* _Data for the task_:
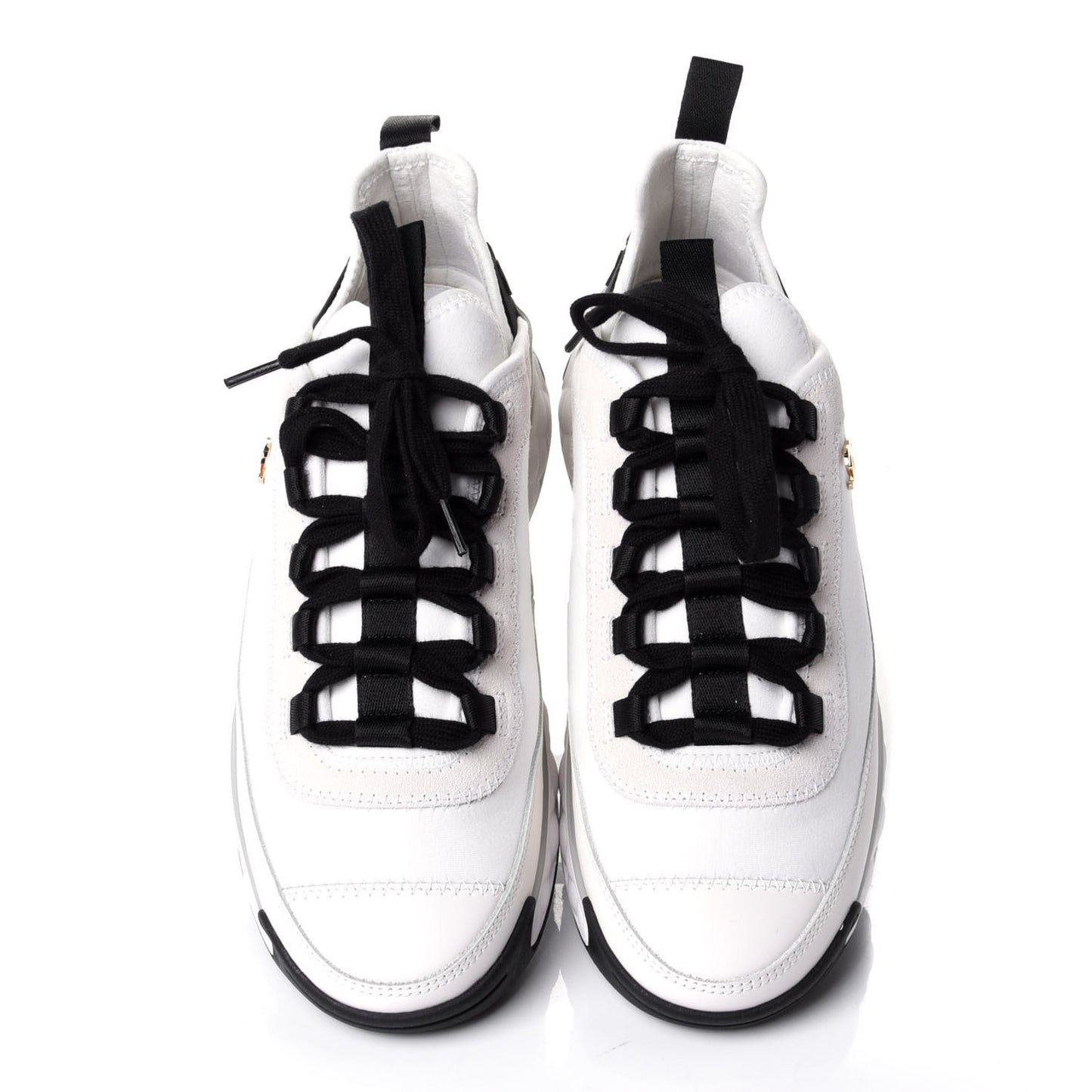 Velvet Calfskin Mixed Fibers CC Sneakers 37.5 Ivory Black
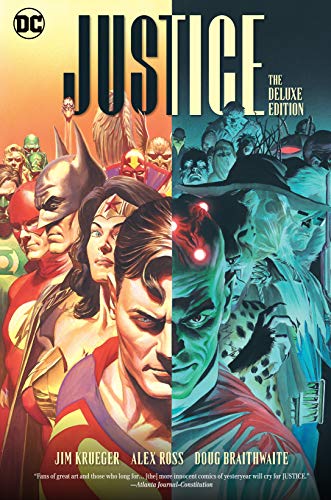Comic book cover split vertically betweenCC showing DC heroes on left and villains on right.
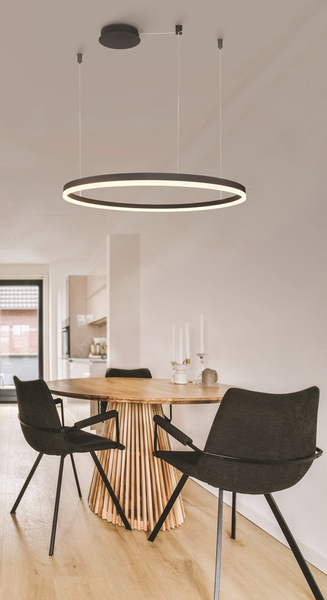 Lampa wisząca ledowa Halo AZ5347 90W 3000-6000K koło ring czarna
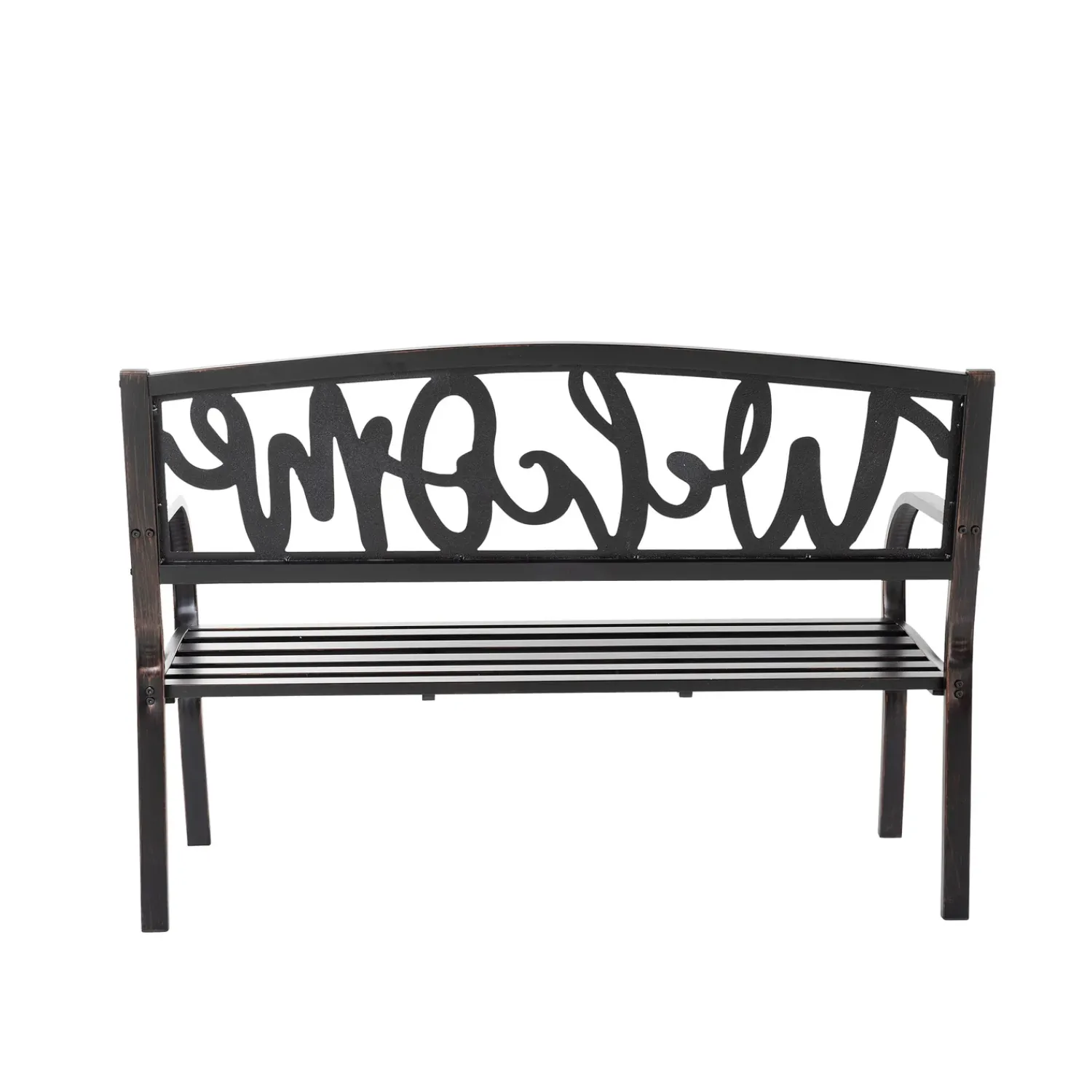 Plow & Hearth Outdoor Benches>Welcome Metal Garden Bench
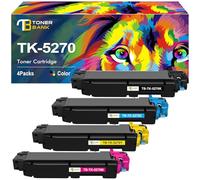 Toner Bank Cartouche de toner compatible pour Kyocera TK-5270 TK-5270K TK5270 ECOSYS P6230cdn M6230cidn M6230cidnt M6630cidn TK-5270C TK-5270M TK-5270Y (Noir Cyan Jaune Magenta, 4 Pack)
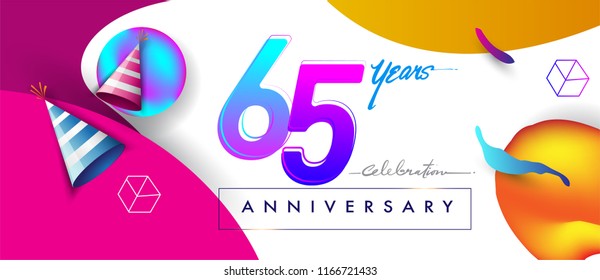 65th years anniversary logo, vector design birthday celebration with colorful geometric background and abstract elements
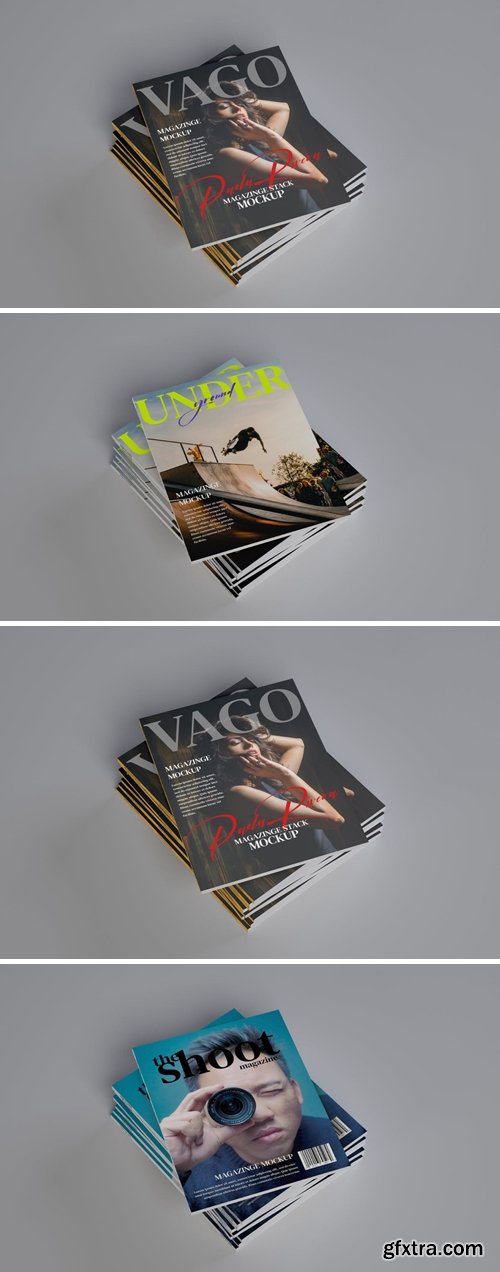 Magazine Stack Mockup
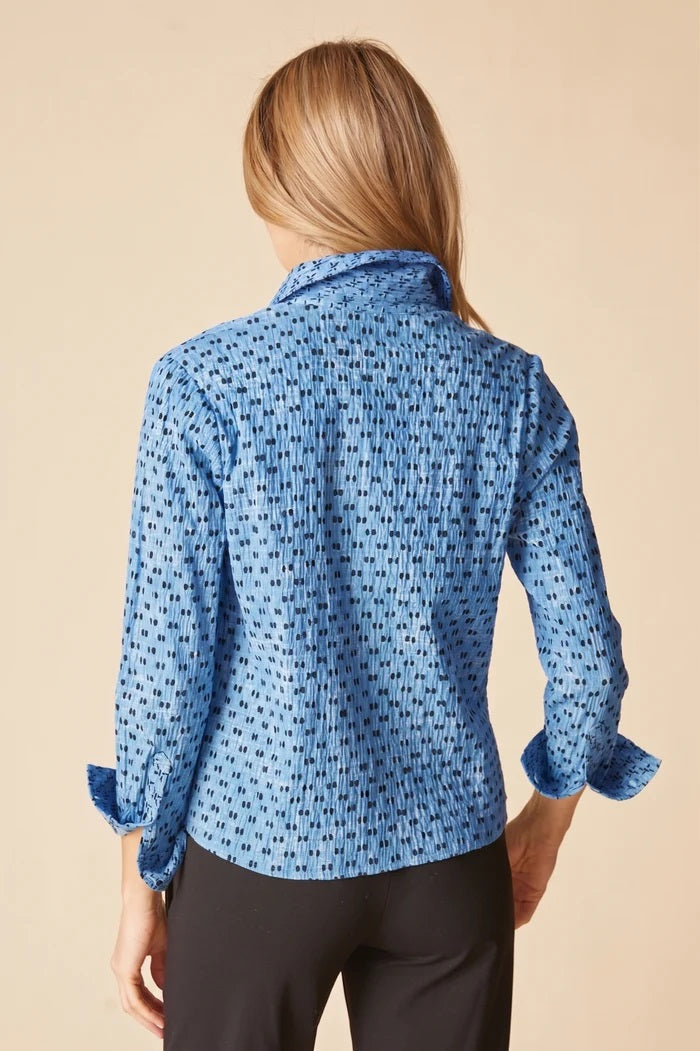 Habitat's Mix & Match Geo Dot Button Down Shirt in Tide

* _What to do_:
Only the pictures are to be dropped; return everything else in the listing exactly.

* _Result_:
 Velvet Calfskin Mixed Fibers CC Sneakers 37.5 Ivory Black
Comic book cover split vertically betweenCC showing DC heroes on left and villains on right.
 Lampa wisząca ledowa Halo AZ5347 90W 3000-6000K koło ring czarna
 Plow & Hearth Outdoor Benches>Welcome Metal Garden Bench
 Toner Bank Cartouche de toner compatible pour Kyocera TK-5270 TK-5270K TK5270 ECOSYS P6230cdn M6230cidn M6230cidnt M6630cidn TK-5270C TK-5270M TK-5270Y (Noir Cyan Jaune Magenta, 4 Pack)
 65th years anniversary logo, vector design birthday celebration with colorful geometric background and abstract elements
 Magazine Stack Mockup
 Habitat's Mix & Match Geo Dot Button Down Shirt in Tide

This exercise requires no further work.